Senza una ragionevole certezza del diritto non esiste rule of law, non esiste sovranità della legge, non esiste democrazia e soprattutto non esiste libertà del cittadino.
Un’enormità di casi di malagiustizia ha praticamente abbattuto la fiducia del cittadino nell’operato della magistratura: errori giudiziari, reati minori impuniti, tempi geologici della giustizia civile, aleatorietà delle decisioni giudiziarie, farraginosità delle procedure, disinteresse verso le piccole questioni della gente, scarcerazioni immediate di chi delinque, sentenze contraddittorie su casi identici e altro ancora. Di fronte a tutto ciò come si può ancora parlare di certezza del diritto?
E tutto questo ci porta anche sul tema della separazione dei poteri: ogni volta che un magistrato forza una norma giuridica per compiacere le sue convinzioni e aspirazioni extra-giuridiche è come se si sostituisse al legislatore, di fatto creando una norma nuova. Se questo è in qualche modo possibile nei sistemi anglosassoni di common law, dove i giudici in buona parte creano il diritto, non appare praticabile nei nostri sistemi a base legislativa, se non al prezzo di distruggere completamente la fiducia della nazione in una giustizia oggettiva, conoscibile e infine anche ragionevolmente prevedibile.
Che dire poi della presenza di molti magistrati fuori ruolo che popolano le segreterie, i gabinetti e gli uffici legislativi dei ministri e dei sottosegretari? Non si tratta forse di una invisibile ma reale commistione fra il potere giudiziario e quello esecutivo?
E la Corte costituzionale che, come molte magistrature ma ovviamente su un livello più elevato, e pur in modo assolutamente legittimo, tuttavia, con la sua attività interpretativa, spesso annulla, modifica, restringe o espande le leggi del Parlamento?
Nessuno nega che il diritto possa e debba evolvere, ma è necessario vigilare affinché questa evoluzione avvenga e si mantenga nell’alveo stesso della giuridicità nel suo senso più tecnico, e non venga influenzata da mode intellettuali, tendenze sociali, pregiudizi ideologici, influenze mediatiche, e infine dalle personalissime paranoie dei magistrati.

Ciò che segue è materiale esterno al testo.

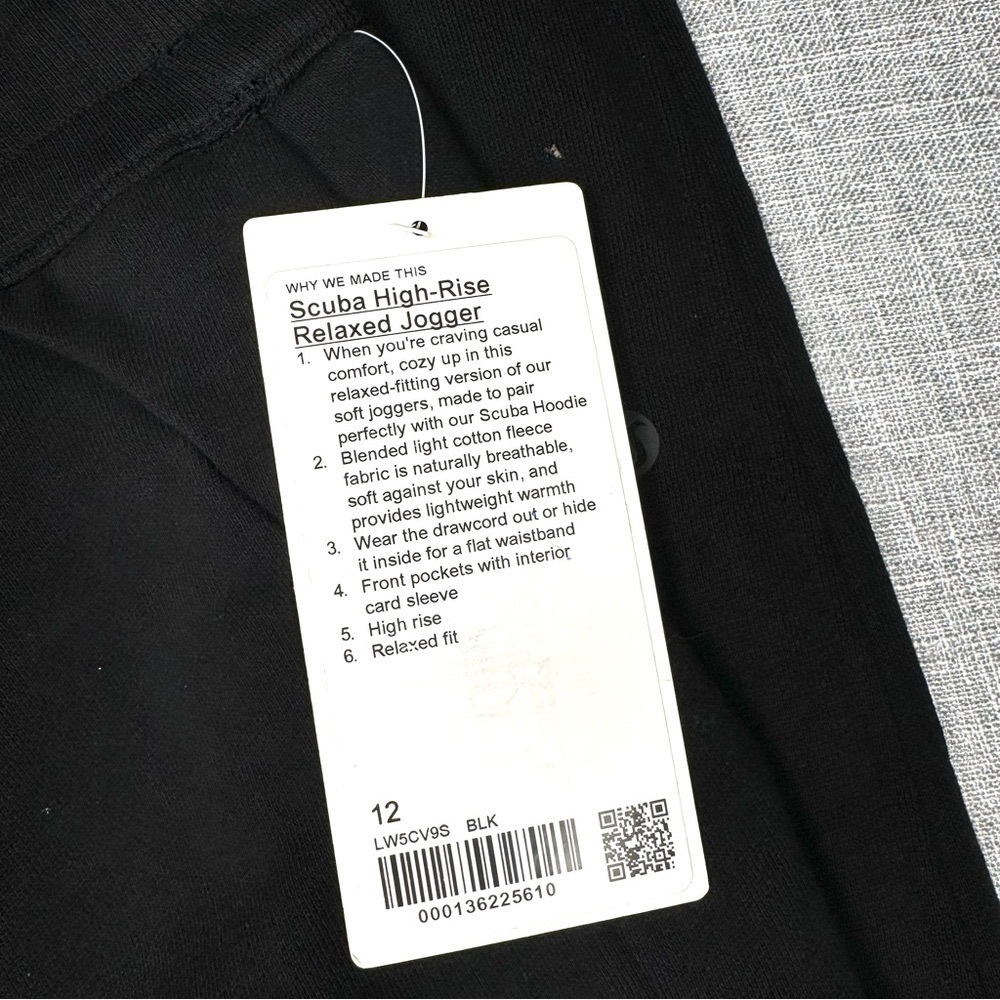 Lululemon Scuba Hogger Pants High Rise Relaxed Black Size 12 NWT - Picture 10 of 10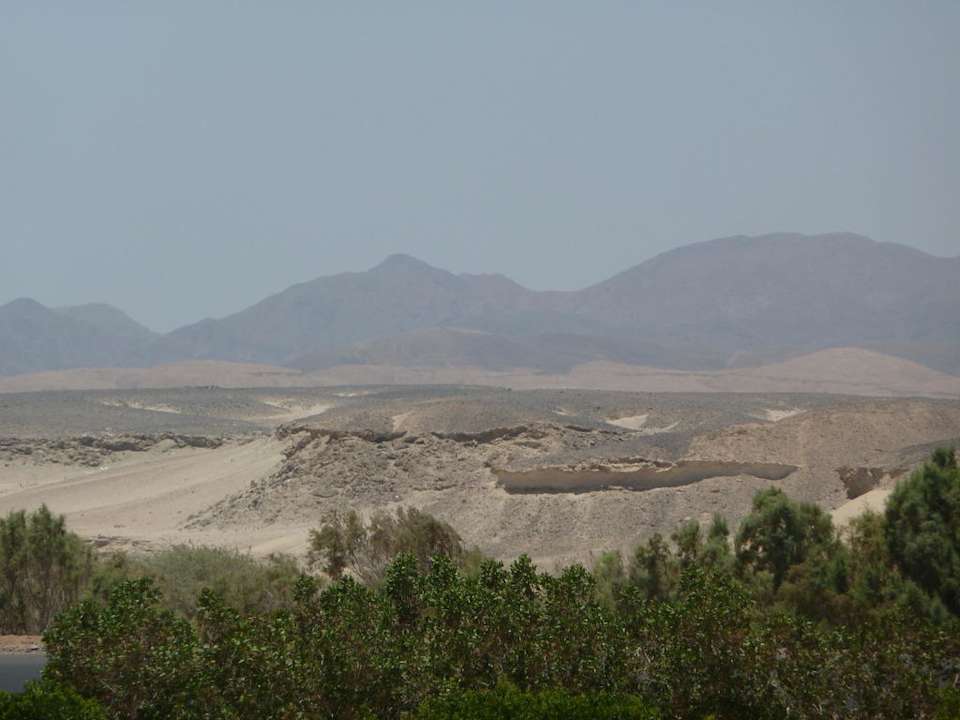 Ausblick ins Hinterland Brayka Bay Resort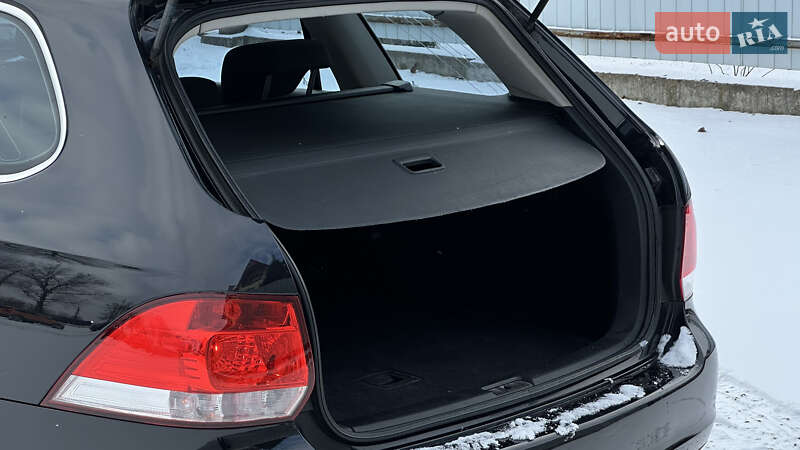 Універсал Volkswagen Golf 2009 в Самборі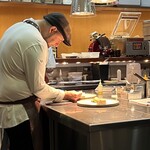 311236862 - マテオシェフはスタッフへの指示をしながらも最後の仕上げをしてくれます。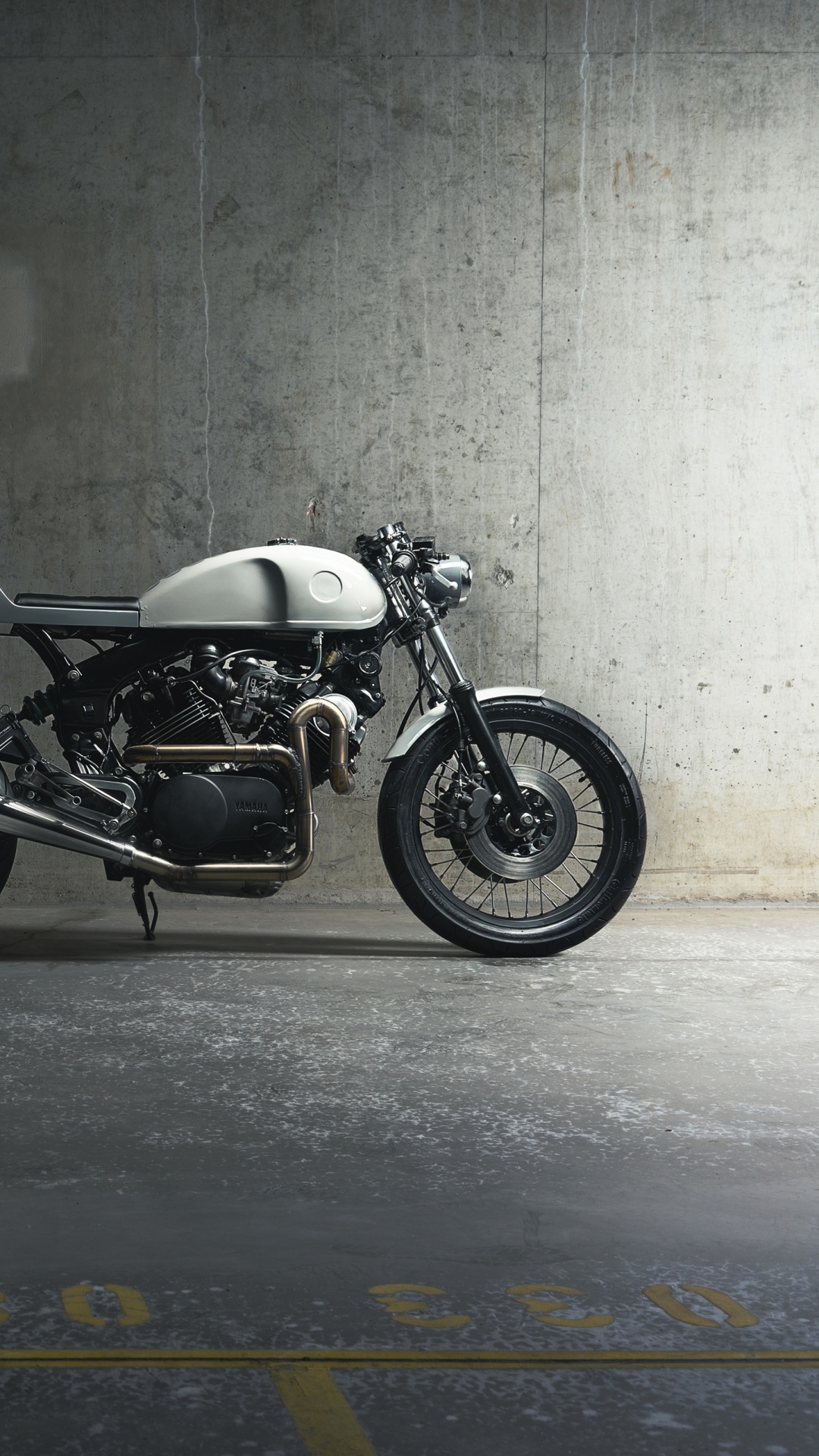 Обои Ямаха мотор Компани, мотоцикл, Ямаха XV750, авто, автомобильные шины в разрешении 1080x1920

Bacone aveva già intuito quattro secoli fa la pericolosità degli idòla, cioè delle false rappresentazioni psicologiche, sociali, storiche che deformano i nostri giudizi sulle cose e ci inducono a prendere decisioni sbagliate o quantomeno discutibili. Forse sarebbe bene riproporre questa visione a una magistratura che oggi soggiace a queste distorsioni intellettuali, per riportarla a quella che dovrebbe essere la sua altissima funzione politica e, soprattutto, etica: una giustizia che non sia solo giusta ma appaia anche giusta a chi la subisce e a chi vorrebbe vederla al suo servizio, cioè ai cittadini di una democrazia matura.